Key observation: Because FastPIR only performs plaintext-ciphertext multiplications (BFV.ScMult) and never ciphertext-ciphertext multiplications, the noise growth is much more controlled than schemes requiring ct-ct multiplication (like SealPIR with query expansion). This allows a smaller ring dimension (N=4096 vs typical N=8192+). ³³

Implementation Notes ⤴

Language / Library: C++ with Microsoft SEAL 3.5 (for BFV operations)
FastPIR LOC: ~1,000 lines of C++ ³⁴
Addra total LOC: ~2,000 lines of C++ (on top of existing libraries) ³⁵
Additional libraries:
- libscapi [1] for Cramer-Shoup public-key encryption (dialing protocol, 3072-bit key, 128-bit security)
- OpenSSL AES-CBC (128-bit key) for content encryption
- rpclib [3] for master-worker RPC (message library broadcasting)
- Mozilla LPCNet [56] for voice encoding/decoding (1.6 Kbit/s)
Polynomial arithmetic: NTT-based (via SEAL)
Parallelism: Distributed across worker machines (each worker handles a shard of CPIR queries).
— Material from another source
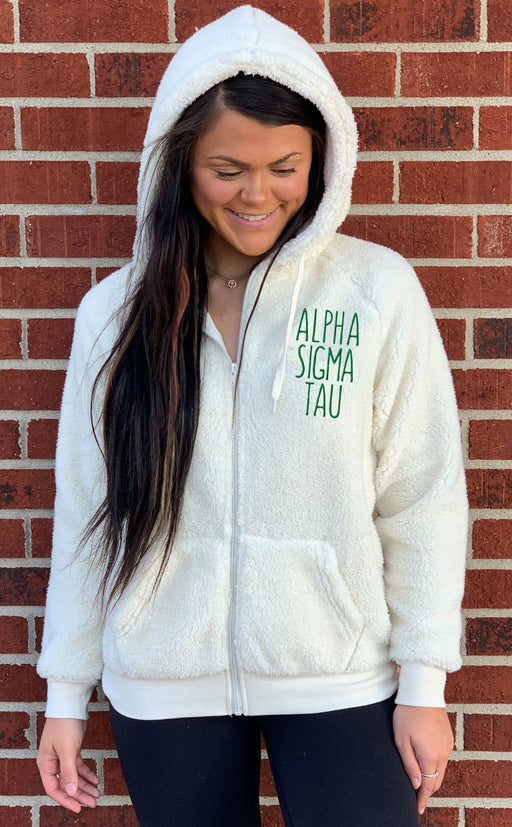 Alpha Sigma Tau Sorority Full Zip Sherpa With Hood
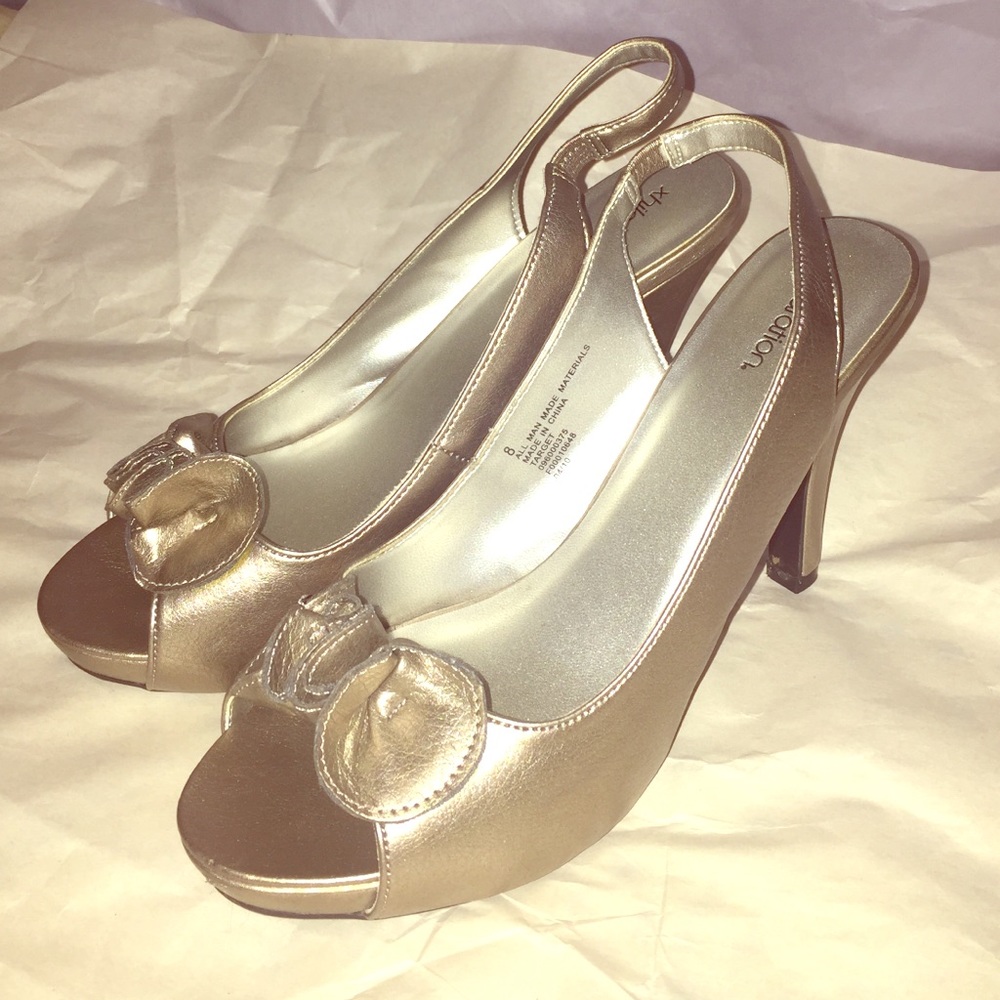 Gold peep toe heels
Within each worker, SEAL uses multi-threaded NTT operations on 48 vCPUs.
Open source: https://github.com/ishtiyaque/FastPIR (FastPIR library), https://github.com/ishtiyaque/Addra (full system)

Deployment Considerations ⤴

Database updates: Mailbox contents change every subround (480 ms). The master recompiles the message library and re-broadcasts to workers each subround. No incremental update mechanism — full library broadcast each time. ³⁶
Scalability bottleneck: The time to broadcast the mailbox library from master to workers is the immediate scalability ceiling. At 65K users, CPIR processing alone (1,186 ms) exceeds the 480 ms subround budget. ³⁷
Sharding: CPIR queries are sharded across workers, but the full database (message library) must be replicated to every worker.
Client requirements: Clients must remain online even when idle (cover traffic). Assumes unlimited data plans. ³⁸
Dialing protocol: Based on Pung/Alpenhorn. Runs infrequently (every 5 minutes). Server broadcasts encrypted "hello" messages to all clients. Inefficient but acceptable due to low frequency. ³⁹
Session model: Persistent (clients maintain state: mailbox ID, auth token, peer's phone number, encryption key, and the CPIR query across subrounds).
Cold start suitability: No (requires registration and dialing phase before communication).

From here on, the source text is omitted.